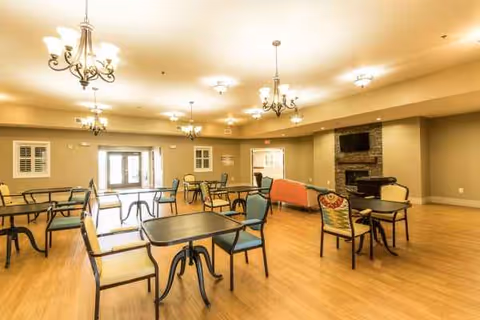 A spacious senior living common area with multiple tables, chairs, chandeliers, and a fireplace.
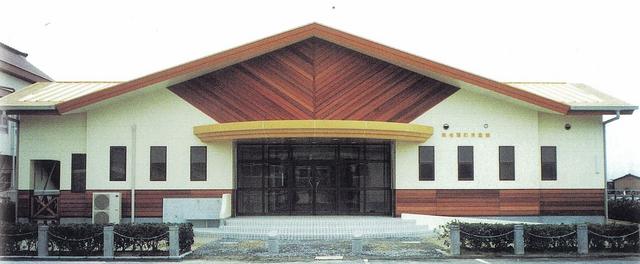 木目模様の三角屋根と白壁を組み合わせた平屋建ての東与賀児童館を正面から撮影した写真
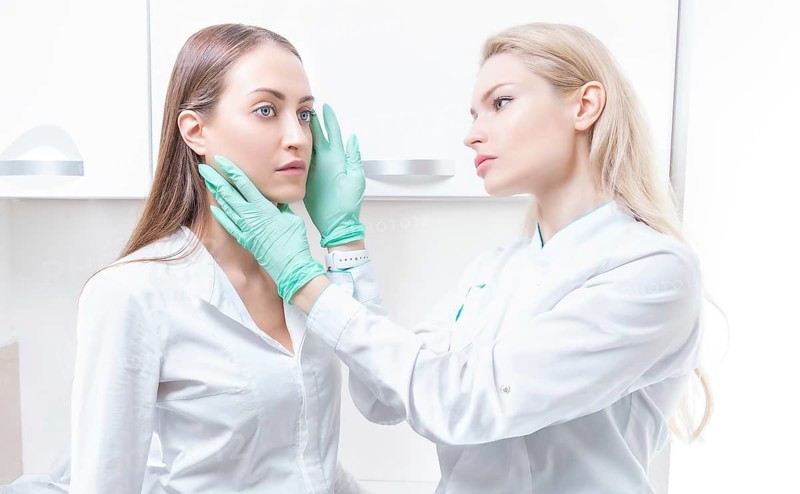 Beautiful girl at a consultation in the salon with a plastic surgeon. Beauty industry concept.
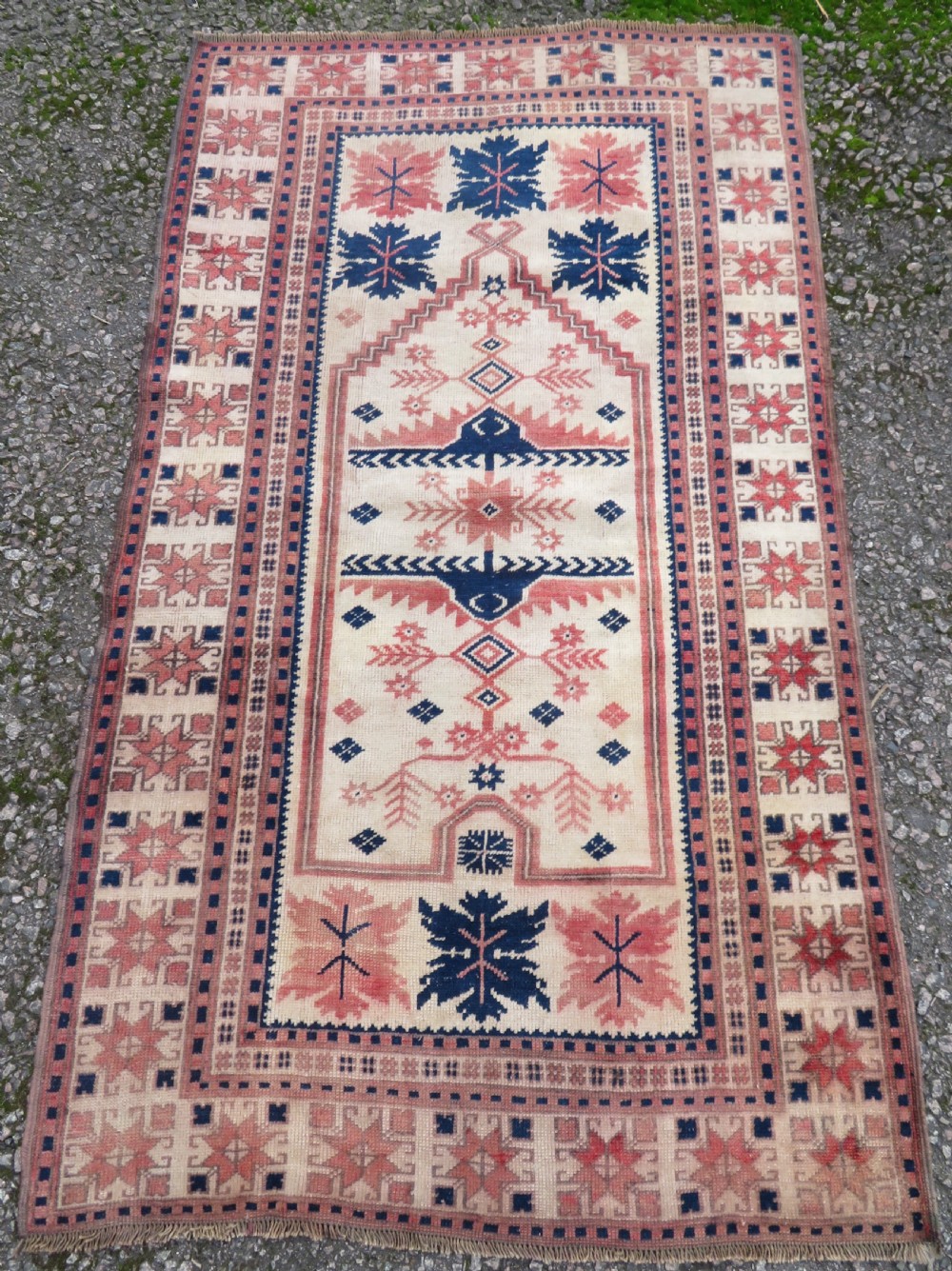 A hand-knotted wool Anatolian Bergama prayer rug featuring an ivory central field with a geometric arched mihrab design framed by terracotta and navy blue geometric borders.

++++++

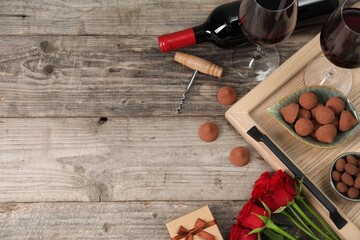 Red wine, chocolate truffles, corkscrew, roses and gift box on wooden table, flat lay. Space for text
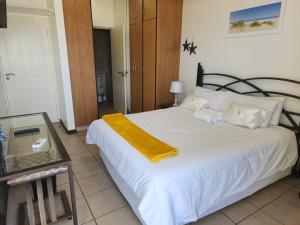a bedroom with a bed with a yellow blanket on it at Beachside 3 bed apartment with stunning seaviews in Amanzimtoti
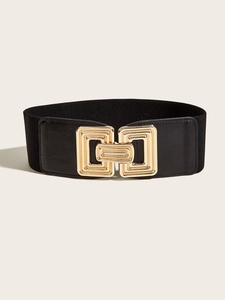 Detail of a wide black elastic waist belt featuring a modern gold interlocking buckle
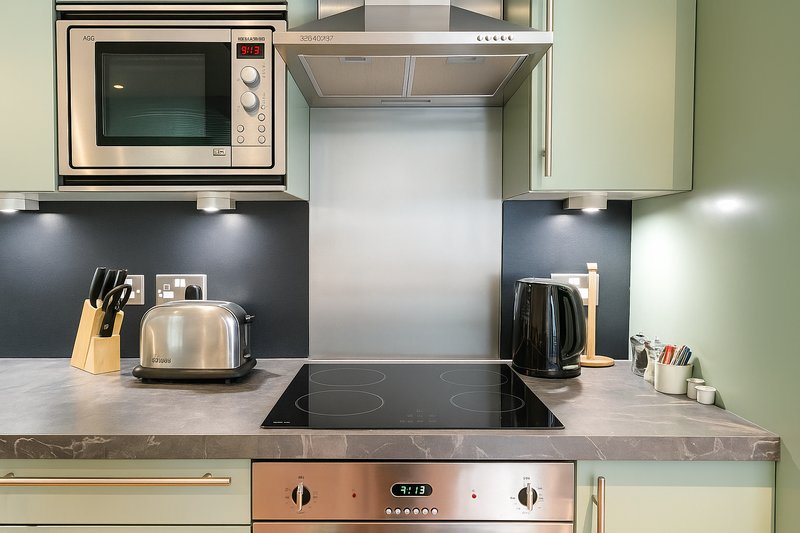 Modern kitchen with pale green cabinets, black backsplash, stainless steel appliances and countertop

++++++

### EXERCISE OBJECTIVE
Treat the line with "A spacious senior" as the start and the line with "A hand-knotted wool" as the end, and return exactly that span of the data above, both ends included, without pictures.

### FINISHED EXERCISE
 A spacious senior living common area with multiple tables, chairs, chandeliers, and a fireplace.
 木目模様の三角屋根と白壁を組み合わせた平屋建ての東与賀児童館を正面から撮影した写真
 Beautiful girl at a consultation in the salon with a plastic surgeon. Beauty industry concept.
 A hand-knotted wool Anatolian Bergama prayer rug featuring an ivory central field with a geometric arched mihrab design framed by terracotta and navy blue geometric borders.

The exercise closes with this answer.